Literacy

Reading & Writing,  Literacy & Language

Reading  Dragon

     Ask me what you can do to help your child develop better language skills - my answer is Read to them!, .. as infants, as kindergarteners, as fourth graders .. Read to them!! Talk to them!! Read to them some more!!!
     This isn't just for the warm fuzzies, or to help your child get to sleep, although those are fine too. Books and reading generally use language that is more complete and complex than most of our conversation during the day. Stories in books can provide richer vocabulary and structure, and children learn to listen and sequence in a way that TV never can teach. Remember that you also are providing a role model -  if you read and show that you care about reading, your child learns that reading is important too.  According to the Institute for Academic Excellence, "It doesn't matter if the students are kindergartners or seniors in high school, one of the best ways to motivate them to read more and better books is to read aloud to them."
     Talk with your child about the story and the characters as you read. Not as a test, but for discussion, ask -- Who is in this story? What is the problem? What will happen next? What should they do? Should they have done that? Would you like this person for a friend? Why? Why not? What if?

     I have been providing some in-class stories with language activities at Whitney -- this supports development of specific language skills and vocabulary, provides repeated exposure to concepts, encourages children to think on a more abstract level, and offers more literate styles of language use. Describing experiences, explaining events in sequence, participating in group discussion, retelling stories, drawing conclusions, predicting outcomes, interpreting figurative language, developing vocabulary, differentiating between realism and fantasy, fact and opinion - all fit in with our school district's language arts goals.

     Interactive Reading Aloud also teaches 'story grammar' that helps children understand and remember new stories - "developing a sense of story is a basic facet of the child's way of remembering". I've written more detail about my classroom program on this page: **SLPs, Literacy, and Inclusion**. If we can help teach students story structure, listening, sequencing, and comprehension with fun, enthusiasm, giggles, drama, suspense, excitement, then they are that much more likely to pick up books themselves, and reading for themselves will give them that much more language structure and vocabulary.

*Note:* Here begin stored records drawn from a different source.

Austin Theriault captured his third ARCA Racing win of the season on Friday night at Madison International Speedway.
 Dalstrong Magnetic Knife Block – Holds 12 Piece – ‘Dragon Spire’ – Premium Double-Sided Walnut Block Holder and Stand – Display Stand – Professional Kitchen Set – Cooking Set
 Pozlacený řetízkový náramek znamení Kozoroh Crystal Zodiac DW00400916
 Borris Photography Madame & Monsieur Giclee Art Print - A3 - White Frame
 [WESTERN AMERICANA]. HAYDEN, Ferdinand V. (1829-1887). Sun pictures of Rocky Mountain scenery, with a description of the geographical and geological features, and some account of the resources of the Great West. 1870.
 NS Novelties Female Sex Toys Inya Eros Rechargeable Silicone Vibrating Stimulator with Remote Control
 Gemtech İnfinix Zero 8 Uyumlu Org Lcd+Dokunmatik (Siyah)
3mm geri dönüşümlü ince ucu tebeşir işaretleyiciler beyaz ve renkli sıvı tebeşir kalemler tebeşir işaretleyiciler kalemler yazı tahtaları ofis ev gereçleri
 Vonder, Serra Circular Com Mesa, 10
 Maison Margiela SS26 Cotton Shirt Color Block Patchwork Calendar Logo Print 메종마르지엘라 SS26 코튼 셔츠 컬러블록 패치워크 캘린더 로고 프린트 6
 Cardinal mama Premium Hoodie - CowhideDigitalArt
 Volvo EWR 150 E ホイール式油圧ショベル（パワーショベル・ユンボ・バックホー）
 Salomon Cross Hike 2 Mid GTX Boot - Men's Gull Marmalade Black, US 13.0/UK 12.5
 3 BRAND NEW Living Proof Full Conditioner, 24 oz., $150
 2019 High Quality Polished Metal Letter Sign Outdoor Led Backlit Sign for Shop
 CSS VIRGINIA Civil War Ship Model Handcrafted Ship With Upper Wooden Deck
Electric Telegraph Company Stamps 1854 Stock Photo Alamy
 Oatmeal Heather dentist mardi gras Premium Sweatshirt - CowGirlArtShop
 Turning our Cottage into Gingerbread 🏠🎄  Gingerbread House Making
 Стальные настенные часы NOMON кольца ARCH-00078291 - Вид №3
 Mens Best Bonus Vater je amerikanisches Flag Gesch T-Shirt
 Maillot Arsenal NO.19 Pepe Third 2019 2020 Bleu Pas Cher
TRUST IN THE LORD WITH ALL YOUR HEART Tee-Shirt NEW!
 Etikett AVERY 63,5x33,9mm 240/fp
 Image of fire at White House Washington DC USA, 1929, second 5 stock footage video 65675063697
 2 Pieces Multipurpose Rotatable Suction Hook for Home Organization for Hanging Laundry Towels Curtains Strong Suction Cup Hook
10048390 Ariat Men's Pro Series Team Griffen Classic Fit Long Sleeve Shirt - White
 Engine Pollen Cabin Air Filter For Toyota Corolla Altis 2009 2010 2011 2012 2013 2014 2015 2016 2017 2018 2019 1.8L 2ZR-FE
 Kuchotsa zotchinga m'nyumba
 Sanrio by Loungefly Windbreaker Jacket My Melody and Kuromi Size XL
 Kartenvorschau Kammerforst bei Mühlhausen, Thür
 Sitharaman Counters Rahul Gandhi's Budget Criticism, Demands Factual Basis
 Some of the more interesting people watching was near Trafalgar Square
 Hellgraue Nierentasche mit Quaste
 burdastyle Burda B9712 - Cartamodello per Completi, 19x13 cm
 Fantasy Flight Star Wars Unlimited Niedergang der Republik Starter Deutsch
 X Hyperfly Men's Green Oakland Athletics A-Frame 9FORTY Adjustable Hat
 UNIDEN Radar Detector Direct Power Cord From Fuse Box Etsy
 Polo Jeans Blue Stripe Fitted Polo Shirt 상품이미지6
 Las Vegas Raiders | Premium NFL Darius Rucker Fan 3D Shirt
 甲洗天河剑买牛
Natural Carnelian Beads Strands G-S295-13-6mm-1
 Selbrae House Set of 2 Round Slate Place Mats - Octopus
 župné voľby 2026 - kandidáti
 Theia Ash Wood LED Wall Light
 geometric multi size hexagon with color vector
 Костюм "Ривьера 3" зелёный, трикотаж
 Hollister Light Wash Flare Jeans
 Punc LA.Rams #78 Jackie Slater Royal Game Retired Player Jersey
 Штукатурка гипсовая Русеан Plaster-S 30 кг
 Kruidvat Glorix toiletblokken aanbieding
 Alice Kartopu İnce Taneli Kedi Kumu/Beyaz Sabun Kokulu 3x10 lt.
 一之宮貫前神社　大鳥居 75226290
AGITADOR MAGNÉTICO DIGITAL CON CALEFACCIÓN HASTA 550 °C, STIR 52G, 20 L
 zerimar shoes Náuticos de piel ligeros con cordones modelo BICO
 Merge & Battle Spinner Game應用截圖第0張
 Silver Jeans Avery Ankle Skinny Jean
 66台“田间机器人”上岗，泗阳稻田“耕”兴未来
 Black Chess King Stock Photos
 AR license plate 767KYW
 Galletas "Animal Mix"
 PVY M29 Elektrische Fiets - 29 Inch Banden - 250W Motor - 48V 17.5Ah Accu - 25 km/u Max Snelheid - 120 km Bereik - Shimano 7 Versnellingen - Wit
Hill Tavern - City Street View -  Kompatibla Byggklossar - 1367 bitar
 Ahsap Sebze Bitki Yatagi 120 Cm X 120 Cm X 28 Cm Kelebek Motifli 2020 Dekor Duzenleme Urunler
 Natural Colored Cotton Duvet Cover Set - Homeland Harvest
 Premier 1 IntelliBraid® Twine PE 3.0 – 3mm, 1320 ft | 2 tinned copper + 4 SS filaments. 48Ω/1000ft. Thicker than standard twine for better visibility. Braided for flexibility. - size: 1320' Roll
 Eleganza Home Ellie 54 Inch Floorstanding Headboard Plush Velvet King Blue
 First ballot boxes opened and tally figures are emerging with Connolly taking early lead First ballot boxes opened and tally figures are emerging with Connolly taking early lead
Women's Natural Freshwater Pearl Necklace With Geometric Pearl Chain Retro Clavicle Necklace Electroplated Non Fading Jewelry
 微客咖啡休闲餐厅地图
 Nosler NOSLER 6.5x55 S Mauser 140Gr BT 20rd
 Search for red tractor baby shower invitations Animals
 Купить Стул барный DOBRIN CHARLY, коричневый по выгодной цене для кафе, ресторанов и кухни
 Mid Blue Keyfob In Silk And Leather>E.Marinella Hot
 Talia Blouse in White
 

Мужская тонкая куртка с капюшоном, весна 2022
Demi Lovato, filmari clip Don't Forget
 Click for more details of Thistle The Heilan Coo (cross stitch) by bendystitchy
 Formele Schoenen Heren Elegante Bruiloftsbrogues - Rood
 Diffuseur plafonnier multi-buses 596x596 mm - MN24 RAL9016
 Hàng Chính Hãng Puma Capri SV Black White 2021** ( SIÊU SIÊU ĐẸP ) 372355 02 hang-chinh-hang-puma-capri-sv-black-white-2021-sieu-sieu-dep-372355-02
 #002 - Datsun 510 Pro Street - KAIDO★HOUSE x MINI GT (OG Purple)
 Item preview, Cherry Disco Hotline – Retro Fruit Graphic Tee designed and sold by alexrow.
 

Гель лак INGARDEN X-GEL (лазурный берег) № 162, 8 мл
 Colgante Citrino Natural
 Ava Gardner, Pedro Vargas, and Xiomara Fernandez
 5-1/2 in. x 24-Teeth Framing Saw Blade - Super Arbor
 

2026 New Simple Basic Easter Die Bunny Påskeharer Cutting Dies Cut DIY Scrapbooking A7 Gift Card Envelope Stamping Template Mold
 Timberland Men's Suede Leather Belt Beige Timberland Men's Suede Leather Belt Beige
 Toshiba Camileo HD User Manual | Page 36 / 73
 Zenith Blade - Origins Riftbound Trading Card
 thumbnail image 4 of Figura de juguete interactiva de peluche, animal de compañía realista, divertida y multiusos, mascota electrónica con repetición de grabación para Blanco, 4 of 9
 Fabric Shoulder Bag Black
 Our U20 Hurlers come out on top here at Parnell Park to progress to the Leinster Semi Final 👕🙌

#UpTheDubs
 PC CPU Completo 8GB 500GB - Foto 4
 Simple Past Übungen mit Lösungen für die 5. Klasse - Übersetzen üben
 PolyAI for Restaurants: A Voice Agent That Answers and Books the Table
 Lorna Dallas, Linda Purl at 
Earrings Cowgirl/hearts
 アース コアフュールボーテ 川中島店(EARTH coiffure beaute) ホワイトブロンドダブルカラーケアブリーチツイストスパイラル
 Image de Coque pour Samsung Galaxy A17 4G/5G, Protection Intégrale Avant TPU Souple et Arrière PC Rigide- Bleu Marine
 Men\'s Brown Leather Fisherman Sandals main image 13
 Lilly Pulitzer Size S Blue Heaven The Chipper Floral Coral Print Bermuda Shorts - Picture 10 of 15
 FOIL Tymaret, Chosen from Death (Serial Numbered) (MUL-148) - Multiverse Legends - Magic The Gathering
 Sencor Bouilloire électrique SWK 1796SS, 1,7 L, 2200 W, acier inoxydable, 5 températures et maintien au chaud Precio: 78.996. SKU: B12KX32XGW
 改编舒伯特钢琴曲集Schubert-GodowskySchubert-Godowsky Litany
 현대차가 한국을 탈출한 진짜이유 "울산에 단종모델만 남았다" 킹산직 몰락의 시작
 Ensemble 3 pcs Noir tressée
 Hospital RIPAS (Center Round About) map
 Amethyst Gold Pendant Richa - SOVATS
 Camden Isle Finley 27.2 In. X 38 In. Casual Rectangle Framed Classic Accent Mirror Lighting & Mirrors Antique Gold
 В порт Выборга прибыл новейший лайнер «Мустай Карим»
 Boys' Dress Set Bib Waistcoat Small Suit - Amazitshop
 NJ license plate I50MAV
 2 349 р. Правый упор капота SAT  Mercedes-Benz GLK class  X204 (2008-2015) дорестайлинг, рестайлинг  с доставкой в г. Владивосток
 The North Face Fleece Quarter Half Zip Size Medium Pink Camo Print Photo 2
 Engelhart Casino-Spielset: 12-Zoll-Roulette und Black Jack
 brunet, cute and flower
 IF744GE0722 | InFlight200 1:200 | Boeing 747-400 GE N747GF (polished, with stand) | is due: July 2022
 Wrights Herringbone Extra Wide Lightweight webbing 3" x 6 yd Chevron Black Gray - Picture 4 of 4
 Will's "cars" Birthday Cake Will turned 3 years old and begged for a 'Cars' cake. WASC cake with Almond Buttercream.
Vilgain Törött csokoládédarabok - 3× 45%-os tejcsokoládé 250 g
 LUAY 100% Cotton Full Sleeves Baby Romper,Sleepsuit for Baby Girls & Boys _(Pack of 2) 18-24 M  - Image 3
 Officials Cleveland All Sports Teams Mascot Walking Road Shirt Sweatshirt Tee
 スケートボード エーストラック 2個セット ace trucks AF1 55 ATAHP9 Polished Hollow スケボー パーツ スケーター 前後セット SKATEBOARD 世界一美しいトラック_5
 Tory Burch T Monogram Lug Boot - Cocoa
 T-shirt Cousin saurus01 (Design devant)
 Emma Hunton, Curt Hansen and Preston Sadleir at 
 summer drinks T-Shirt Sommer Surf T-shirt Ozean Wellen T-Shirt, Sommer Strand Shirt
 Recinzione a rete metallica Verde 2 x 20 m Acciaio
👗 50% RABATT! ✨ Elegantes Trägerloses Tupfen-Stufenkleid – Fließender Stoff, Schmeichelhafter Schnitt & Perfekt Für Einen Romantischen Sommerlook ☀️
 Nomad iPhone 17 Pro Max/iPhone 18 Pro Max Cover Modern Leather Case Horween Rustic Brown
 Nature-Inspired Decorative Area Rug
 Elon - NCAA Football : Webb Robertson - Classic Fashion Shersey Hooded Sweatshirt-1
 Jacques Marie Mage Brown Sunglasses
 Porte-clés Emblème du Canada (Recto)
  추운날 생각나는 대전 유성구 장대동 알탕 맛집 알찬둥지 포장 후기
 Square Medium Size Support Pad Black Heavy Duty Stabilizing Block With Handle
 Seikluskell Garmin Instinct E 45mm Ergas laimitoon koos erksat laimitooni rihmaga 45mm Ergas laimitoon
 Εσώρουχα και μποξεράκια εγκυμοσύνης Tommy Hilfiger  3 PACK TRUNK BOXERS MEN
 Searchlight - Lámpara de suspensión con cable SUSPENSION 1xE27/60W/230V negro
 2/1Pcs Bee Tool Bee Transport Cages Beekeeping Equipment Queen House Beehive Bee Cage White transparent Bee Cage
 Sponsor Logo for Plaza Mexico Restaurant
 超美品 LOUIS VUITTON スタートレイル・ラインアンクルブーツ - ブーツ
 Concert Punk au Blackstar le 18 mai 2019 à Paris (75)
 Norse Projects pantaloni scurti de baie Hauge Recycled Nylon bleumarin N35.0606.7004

     While oral language is learned universally in every culture, written language and reading are not, and must be directly taught. As intertwined as these skills are, my primary goal in using language literacy activities is to expand oral language skills. From my experience as an SLP, I am aware of how important phonemic awareness is in learning how to read, with direct instruction for systematic phonetics, coding and decoding. Read more about it here: Phonological Awareness: Principles and Implications for Reading Instruction

     Emergent Literacy - is a way of looking at the entire environment for a child to learn about print before they actually learn to read. Nursery rhymes, playground rhymes, simple poems, predictable pattern stories are all important introductions to reading and literacy. More details are available: Emergent Literacy Research Synthesis
     Caroline Bowen, PhD, an Australian SLP and author, has some excellent suggestions for Encouraging Pre Literacy Skills in children with developmental phonological disorders, specific language impairment, and dyspraxia.
    The Texas Speech-Language-Hearing Association has a good description of books and techniques for reading aloud to your children.  ".... We all know the important role that reading plays in school and in life. We are now finding that the single most important activity for laying the foundation for literacy and learning to read is reading aloud to children especially during the preschool years... "  Check out their page on Early Literacy.

     Another point of view - Mem Fox, a well known Australian author of children's books, describes a very interesting angle of teaching children to read and the development of literacy: "Like Mud Not Fireworks". She asks the question -- "Which has the greater effect on literacy: the method and the text, or the affective quality of the relationship between the teacher and the taught?"